Steven: I'm not a med person but I have sustained an injury to my flexor ligament and muscles in my forearm from hyperextending my elbow (AKA tennis elbow). It is not an injury that heals quickly or stops hurting if you "leave it alone". You have to get in to see either a PT, Kinesiologist or an RMT and start the proper course of treatment. I left my injury alone thinking that if I just threw on a tensor and carried on I'd be fine. For 2 months I did nothing about it and when I realized that I was favouring not only that side of me, but now my shoulders, wrists and upper back were being affected, I had to get into to see the PT. It took a year, yes a year to repair the damage, get the tendons, ligaments and muscles to work without pain and finally I could lift a coffee cup without dropping it. My grip went from a 48 down to 15. I inadvertently weakened my upper back muscles (because I was sucking out at being in pain when I moved my arm I hunched forward to stop it from hurting) and as a result, that allowed my shoulder muscles to slide forward and the pecs to shorten and I ended up with a reduced ability to move my shoulders (both were affected). The cascading effect only took 2 short months to occur and it took a year to get better (at one point I couldn't even flip a high five or put a coat on without curling up in a fetal position and crying for my mommy from the pain and I have a high tolerance to pain, I pushed an eight pound kid out for 72 hours with no drugs).

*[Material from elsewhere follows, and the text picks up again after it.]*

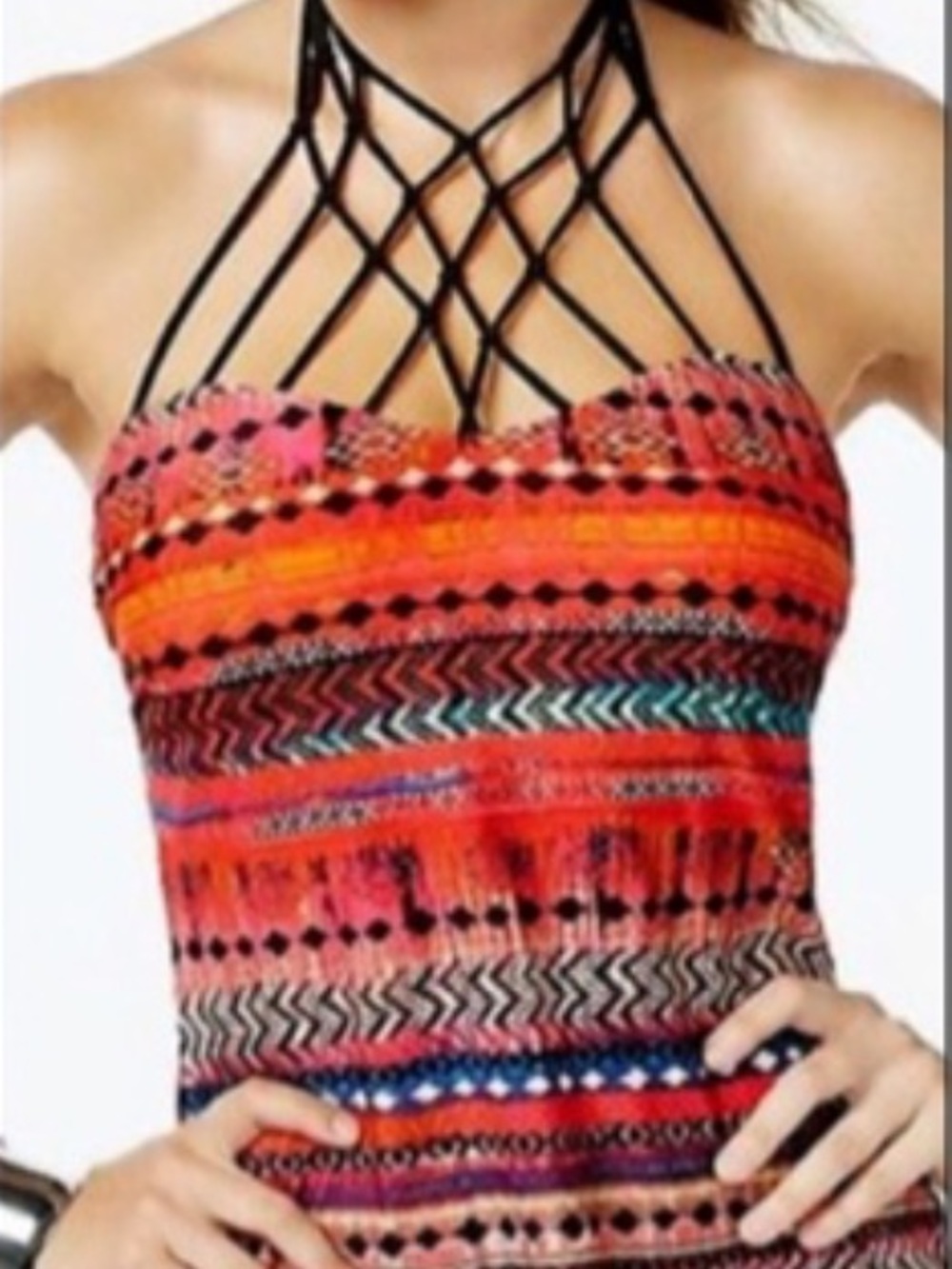 Island Escape Tankini Strappy Womens Size 12 Swimwear top Padded Black Orange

What I'm trying to point out is that even though you may think the injury is localized to just an elbow, wrist or whatever is injured, the body has a unique way of circumventing pain and immobility and it does have a cascading effect on other working parts especially if the muscles are aggravated and injured enough to cause scarring which restricts movement and causes both initial site pain and referring pain. Think of your muscles,ligaments and tendons as one big elastic band and if one part of it gets torn or tangled up, the whole elastic is compromised.
I'd hate to see you in recuperation for a lengthy time because your injury wasn't addressed in a manner to avoid scarring and weakened muscles and optimized it's healing.